Material for this exercise Block Start

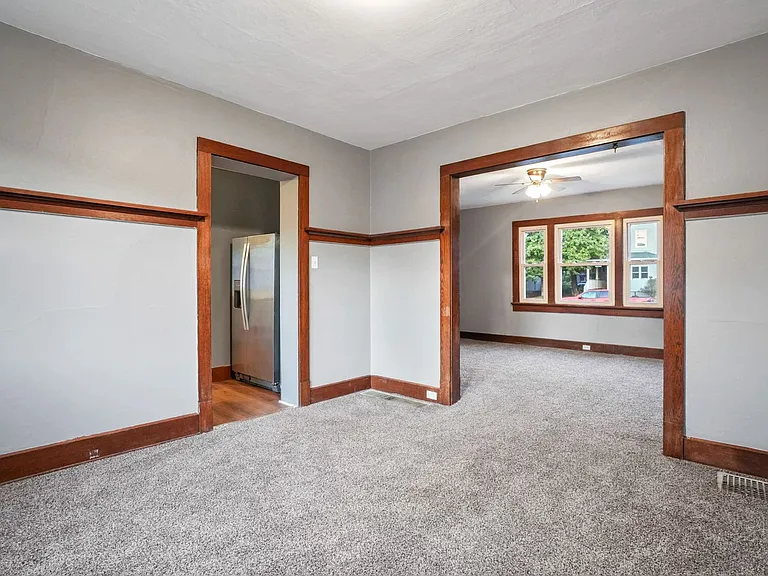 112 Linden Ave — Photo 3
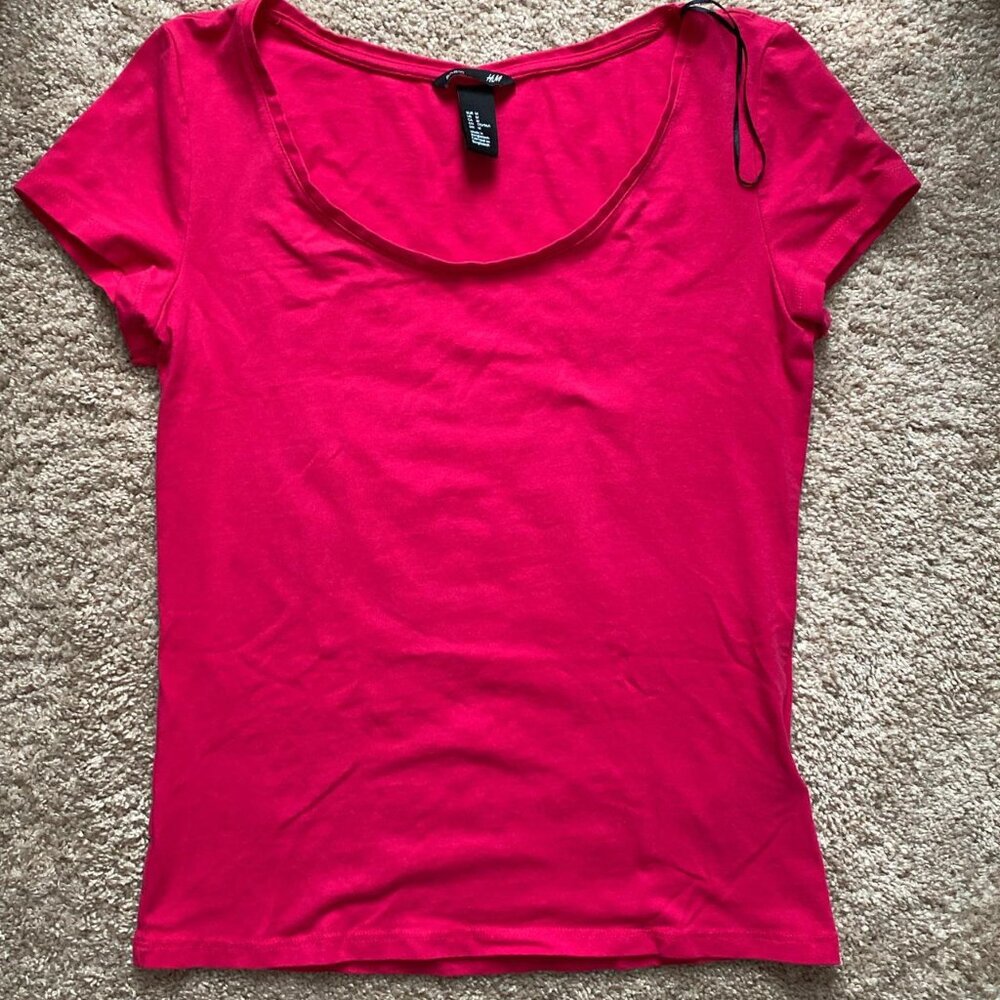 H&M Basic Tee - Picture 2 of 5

Material for this exercise Block End
Material for this exercise Block Start

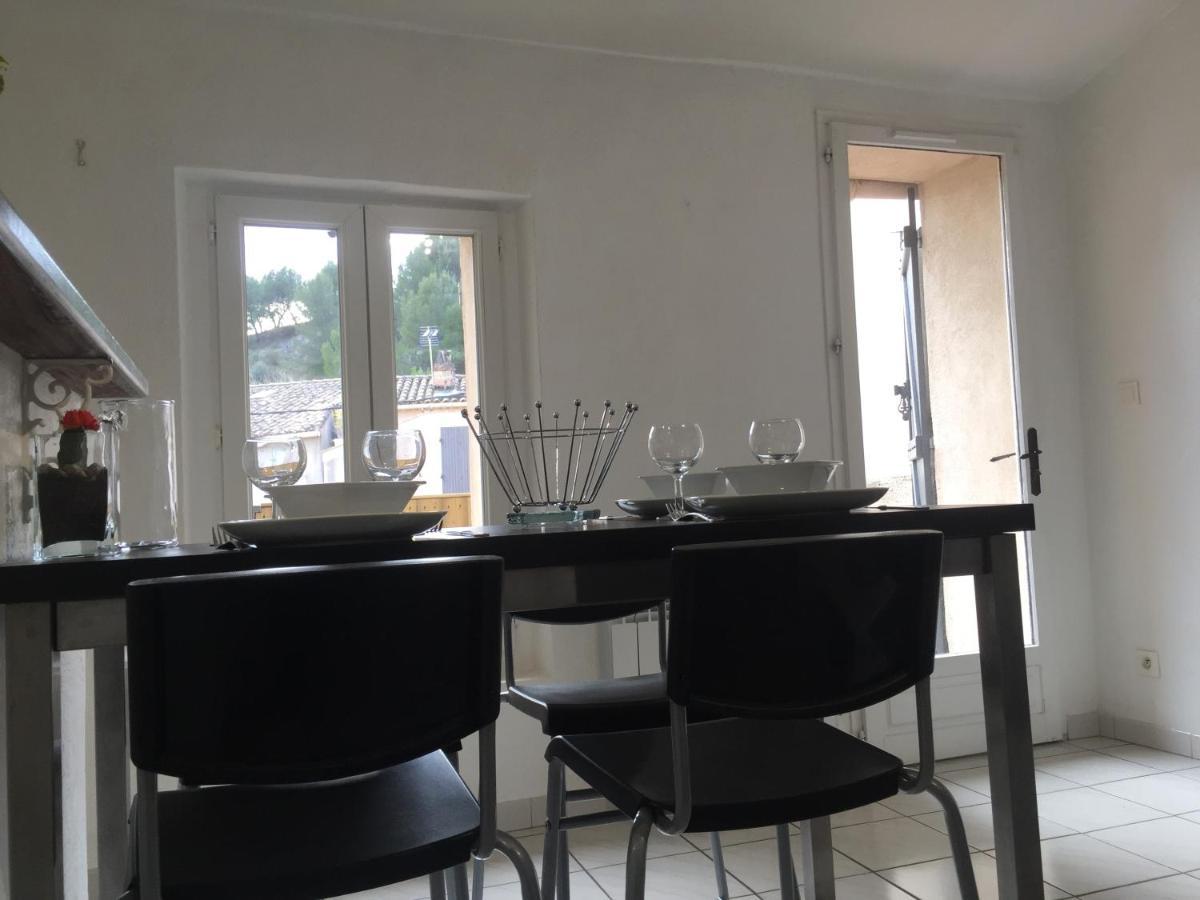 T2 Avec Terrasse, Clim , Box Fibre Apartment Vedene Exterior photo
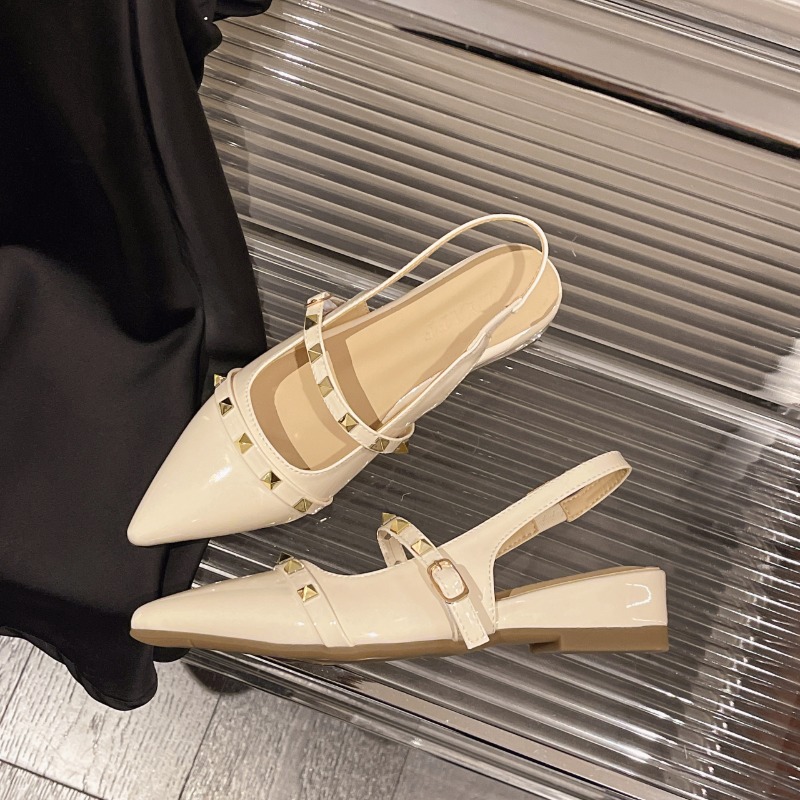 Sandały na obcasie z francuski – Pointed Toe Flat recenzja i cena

Material for this exercise Block End

» Problem to work on: In the listing above, find the line with "T2 Avec Terrasse, Clim" and the line with "Sandały na obcasie". Output both, plus every line between them, and no pictures.

» Task response:
 T2 Avec Terrasse, Clim , Box Fibre Apartment Vedene Exterior photo
 Sandały na obcasie z francuski – Pointed Toe Flat recenzja i cena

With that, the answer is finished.